Será siempre un acto grato y santo cubrir la desnudez y aliviar el hambre, con el lienzo y con el pan de la limosna; pero el don de nosotros mismos por la inteligencia y por el sentimiento, es el atributo de la caridad por excelencia. Los apóstoles recibieron como misión suprema, la de la enseñanza.
La sociedad moderna ha inventado la Biblioteca Popular, y estamos desde entonces todos llamados a participar en el apostolado sublime. El que da un libro para el uso del pueblo hace el pequeño don de su valor pecuniario, y enciende una antorcha perenne y abre una fuente de recursos y de elevados sentimientos.

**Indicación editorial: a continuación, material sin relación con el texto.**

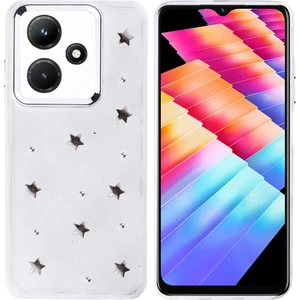 Infinix Hot 30I Kılıf Kabartmalı Desenli Simli Şeffaf A+ Kalite Kapak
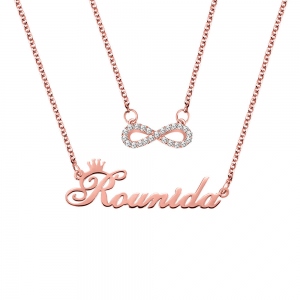 Custom Name Infinity Double-Layered Necklace Sterling silver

Dar un libro es casi nada; pero el libro dado, realiza la parábola de la semilla que los vientos arrastraron, que los pájaros del aire no comieron y que, cayendo en tierras extrañas fructificó bajo la bendición de Dios en fértiles cosechas.
El don sin precio puede revestir un valor infinito, porque fue un libro encontrado a la casualidad, el que infundió la perseverancia en el trabajo a Franklin y a Lincoln.
Cuando oigo decir que un hombre tiene el hábito de la lectura, estoy predispuesto a pensar bien de él. Leer es mantener siempre vivas y despiertas las nobles facultades del espíritu, dándoles por alimento nuevas emociones, nuevas ideas y nuevos conocimientos.
Leer es asociarse a la existencia de sus semejantes, hacer acto de unión y fraternidad con los hombres. El que lee aunque se halle confinado en una aldea, vive del movimiento universal y puede decir que nada humano le es indiferente.
La naturaleza es pródiga en sorprendentes escenas, es maravillosos espectáculos, que el hombre sedentario no conoce, y que los viajeros contemplan con extática admiración. Los placeres sociales encantan al hombre, pero no siempre vienen a su encuentro ni dependen de su voluntad. Entre tanto, los placeres que proporciona la lectura son de todo tiempo y de cualquier lugar y son los únicos que pueden renovar a su albedrío.
El libro es enseñanza y ejemplo. Es luz y revelación. El joven obscuro puede ascender hasta el renombre imperecedero, conducido con Franklin por la lectura solitaria.
Enseñamos a leer y leamos. El alfabeto que deletrea el niño es el vínculo viviente en la tradición del espíritu humano puesto que le da la clave del libro que lo asocia a la vida universal. Leamos para ser mejores, cultivando los nobles sentimientos, ilustrando la ignorancia y corrigiendo nuestros errores, antes que vayan en perjuicio nuestro y de los otros a convertirse en nuevos hábitos.